In the second period, between 1915 and 1945, public spending was generally volatile, particularly for countries that were more heavily involved in the First and Second World Wars. Government expenditures as a share of national output went sharply up and down in these countries, mainly because of changes in defense spending and national incomes.
In the third period, between 1945 and 1980, public spending grew particularly fast. As we show in more detail later, this was the result of growth in social spending; and was largely made possible by historical increases in government revenues over the same period.
Since 1980 the growth of government expenditure has been slowing down in early-industrialized countries – and in some cases, it has gone down in relative terms. However, in spite of differences in levels, in all these countries public spending as a share of GDP is higher today than before the Second World War.
Although the increase in public spending has not been equal in all countries, it is still remarkable that growth has been a general phenomenon, despite large underlying institutional differences.
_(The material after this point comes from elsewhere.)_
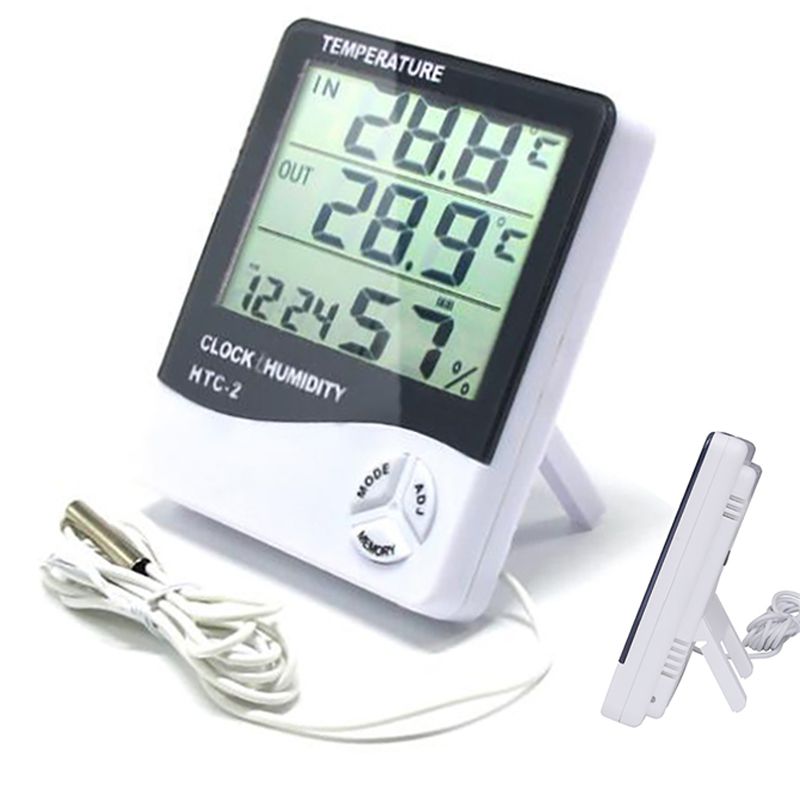 HTC-2 Indoor LCD Digital Temperature Humidity Meter Thermometer With Alarm Clock || HTC-2 Temperature Humidity Time Display Meter with Alarm Clock, Wall Mount or Table Top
At the end of the 19th century, European countries spent less than 10% of GDP via the government. In the 21st century, this figure is around 50% in many European countries. The increase in absolute terms – rather than the shown relative terms – is much larger since the level of GDP per capita increased very substantially over this period.
Public spending growth in early-industrialised countries was largely driven by social spending
The visualization above shows that government spending in early-industrialized countries grew substantially in the 20th century. The next visualization shows that this was the result of growth specifically in social spending.
The steep growth of social spending in the second half of the 20th century was largely driven by the expansion of public funding for healthcare and education.
Government spending across the world
Total government spending
The next visualization maps recent estimates of central government expenditure, as a share of national incomes, across the world. The data is published as part of the World Development Indicators and comes from the IMF.
The most striking feature in the chart is the degree of heterogeneity between world regions. Central governments in high-income countries – particularly those in Europe – tend to control a much larger share of national production than governments in low-income countries.
Countries like France spend multiple times as much as countries like Ethiopia.
These estimates have to be interpreted with caution, since central government expenditure provides a somewhat distorted picture of total public spending, particularly in federal countries with large sub-national governments.
Spending per person
The visualization shows total public expenditure per capita, across all levels of government. To allow for cross-country comparability, these estimates are expressed in current PPP US dollars.
As we can see, cross-country differences are also large here. In India, the government spends a fraction per person than countries like Norway.
Composition of government expenditure
Governments differ substantially not only in size but also in priorities
The visualizations above show that governments around the world differ considerably in size, even after controlling for underlying differences in economic activity and population. Here we show that governments also differ substantially in terms of how they prioritize expenditures.
The visualization shows the share of government expenditure that is specifically allocated to education.
As we can see, there are large and persistent differences, even within developing countries. The education spending in some developing countries makes up twice or three times the spending in others.
The proportion of government spending that goes towards social protection varies substantially across OECD countries
We have already pointed out that governments in high-income countries spend more resources than governments in low-income countries, both in per capita terms and as a share of their national incomes.
More so, high-income countries also have higher levels of social spending than countries with lower average incomes.2
The chart here shows social protection expenditures as a share of total general government spending, across different OECD countries. As we can see, there are also large differences across OECD countries themselves.
How do OECD countries distribute their allocations to social spending?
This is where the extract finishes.